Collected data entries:
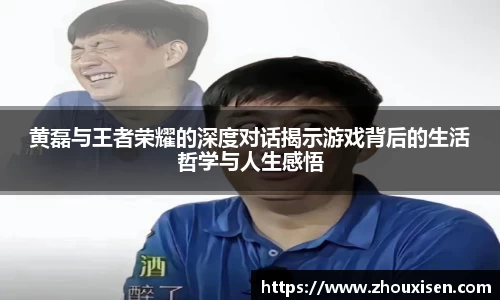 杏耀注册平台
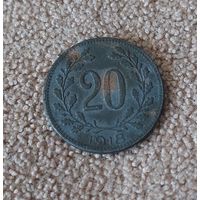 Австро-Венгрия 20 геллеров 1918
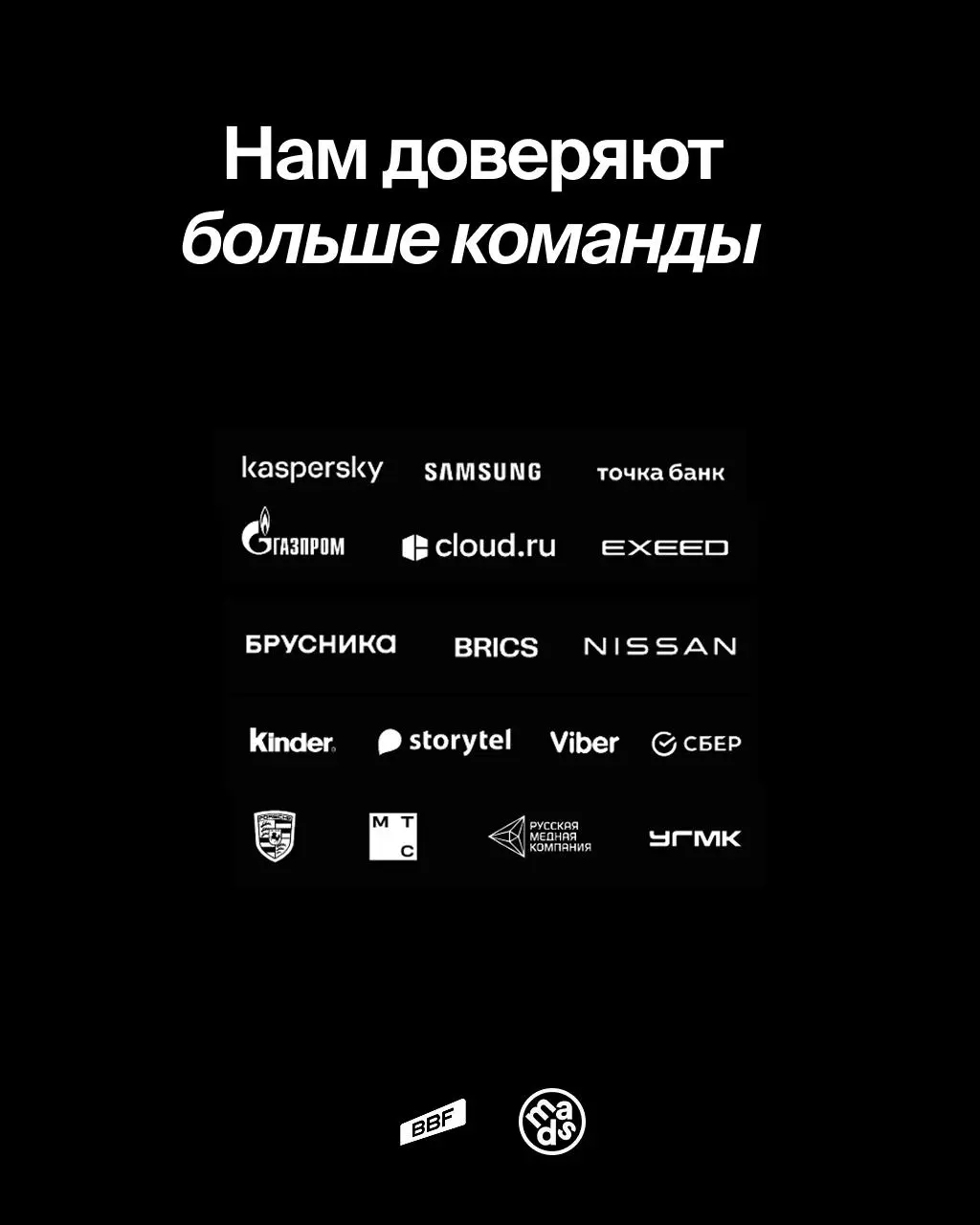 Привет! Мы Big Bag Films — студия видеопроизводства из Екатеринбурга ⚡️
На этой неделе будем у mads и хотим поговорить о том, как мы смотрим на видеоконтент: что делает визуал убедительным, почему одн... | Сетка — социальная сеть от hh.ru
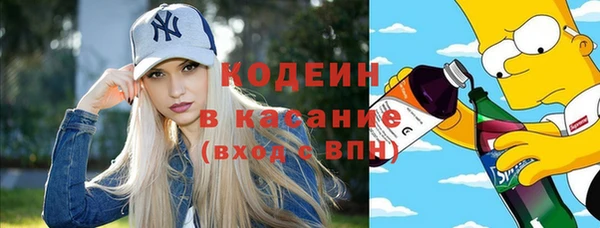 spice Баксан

*Work item:* Retype exactly, please, the span from the line holding "На этой неделе" through the closing line of the data, both ends included, without the pictures.

*Answer box:*
На этой неделе будем у mads и хотим поговорить о том, как мы смотрим на видеоконтент: что делает визуал убедительным, почему одн... | Сетка — социальная сеть от hh.ru
 spice Баксан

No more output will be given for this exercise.